**Exercise prompt:**
Output only these lines, set down exactly: the one containing "Hair Supply performing" and each line after it through the end of the records.

(Brief descriptive captions)

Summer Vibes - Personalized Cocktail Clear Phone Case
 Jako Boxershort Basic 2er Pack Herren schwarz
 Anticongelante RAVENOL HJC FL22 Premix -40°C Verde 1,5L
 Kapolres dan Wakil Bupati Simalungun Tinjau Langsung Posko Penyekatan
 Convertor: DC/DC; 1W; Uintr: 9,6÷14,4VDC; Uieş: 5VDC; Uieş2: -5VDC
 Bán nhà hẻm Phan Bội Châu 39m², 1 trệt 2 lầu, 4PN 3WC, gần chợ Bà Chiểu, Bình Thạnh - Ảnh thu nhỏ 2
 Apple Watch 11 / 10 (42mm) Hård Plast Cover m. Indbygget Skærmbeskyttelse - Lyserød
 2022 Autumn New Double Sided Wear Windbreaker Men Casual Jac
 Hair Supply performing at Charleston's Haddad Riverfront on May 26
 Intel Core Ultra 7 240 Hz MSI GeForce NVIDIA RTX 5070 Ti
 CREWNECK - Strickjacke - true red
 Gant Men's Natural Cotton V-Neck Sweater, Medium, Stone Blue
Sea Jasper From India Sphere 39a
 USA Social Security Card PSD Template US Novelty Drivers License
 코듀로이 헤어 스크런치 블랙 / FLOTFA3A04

**Response area:**
 Hair Supply performing at Charleston's Haddad Riverfront on May 26
 Intel Core Ultra 7 240 Hz MSI GeForce NVIDIA RTX 5070 Ti
 CREWNECK - Strickjacke - true red
 Gant Men's Natural Cotton V-Neck Sweater, Medium, Stone Blue
Sea Jasper From India Sphere 39a
 USA Social Security Card PSD Template US Novelty Drivers License
 코듀로이 헤어 스크런치 블랙 / FLOTFA3A04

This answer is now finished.